- _The records_
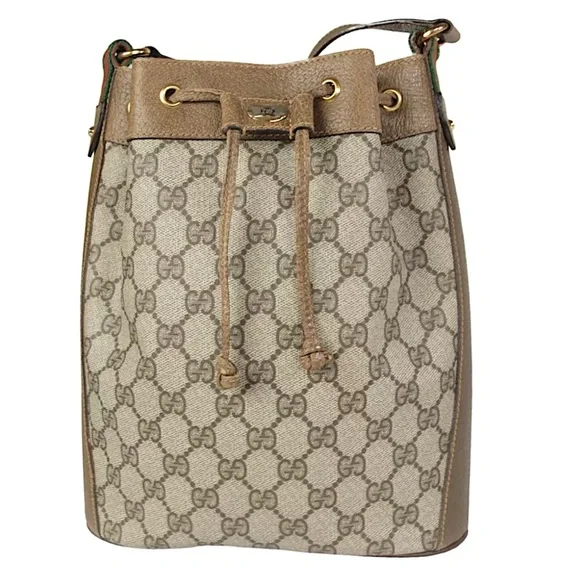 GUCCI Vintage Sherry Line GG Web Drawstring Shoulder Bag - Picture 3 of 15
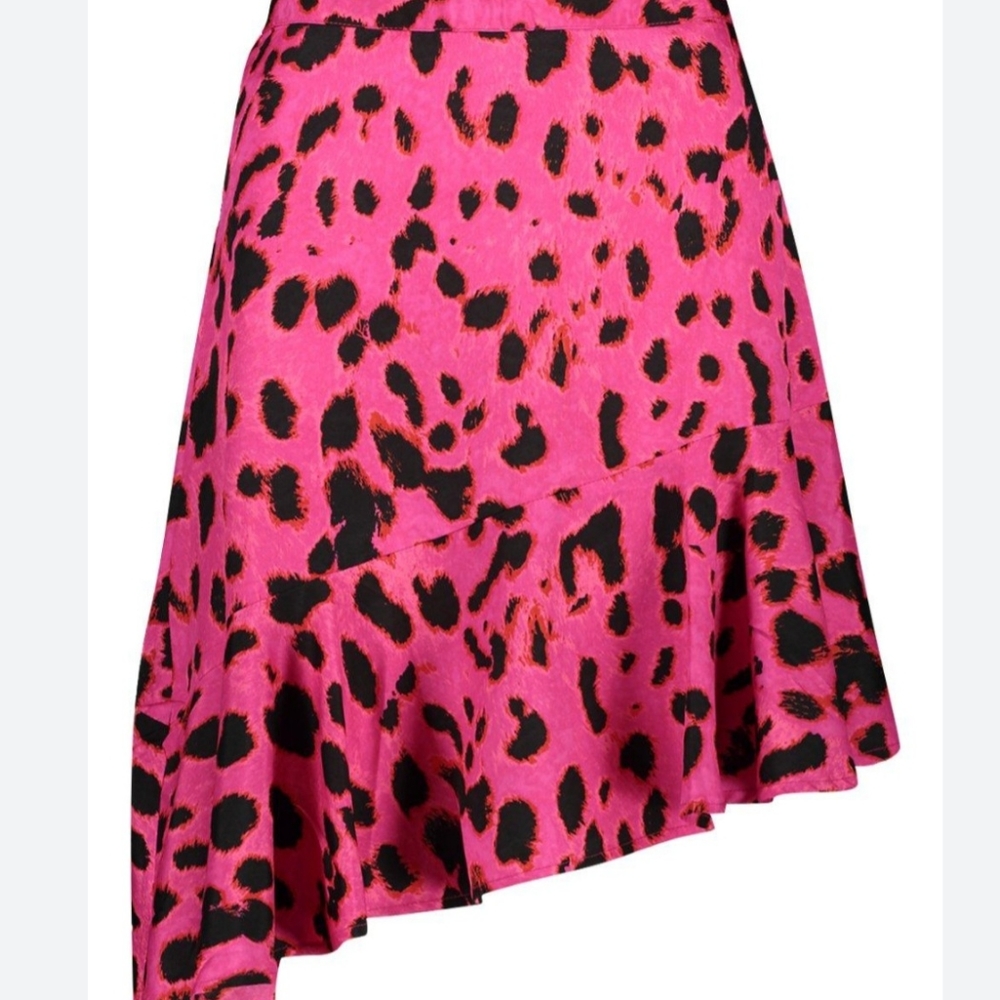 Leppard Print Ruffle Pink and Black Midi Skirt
==
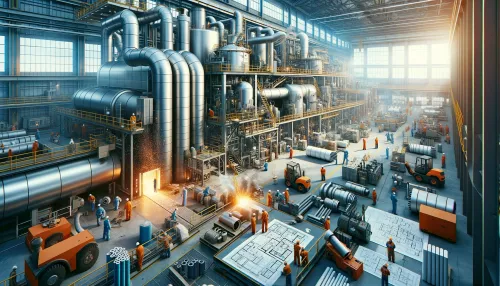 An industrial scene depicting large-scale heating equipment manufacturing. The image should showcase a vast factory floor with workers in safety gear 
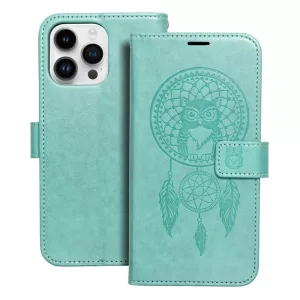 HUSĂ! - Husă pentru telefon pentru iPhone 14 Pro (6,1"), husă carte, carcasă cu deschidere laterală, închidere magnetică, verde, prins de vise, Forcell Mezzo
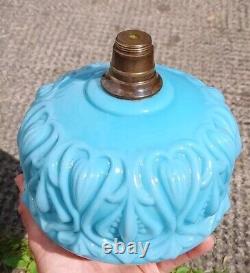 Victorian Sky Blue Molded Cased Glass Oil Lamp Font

- _Problem to solve_
Transcribe, exactly and without pictures, everything in the data from the line with "An industrial scene" down to the line with "Victorian Sky Blue", both included.

- _Answer space_
 An industrial scene depicting large-scale heating equipment manufacturing. The image should showcase a vast factory floor with workers in safety gear 
 HUSĂ! - Husă pentru telefon pentru iPhone 14 Pro (6,1"), husă carte, carcasă cu deschidere laterală, închidere magnetică, verde, prins de vise, Forcell Mezzo
 Victorian Sky Blue Molded Cased Glass Oil Lamp Font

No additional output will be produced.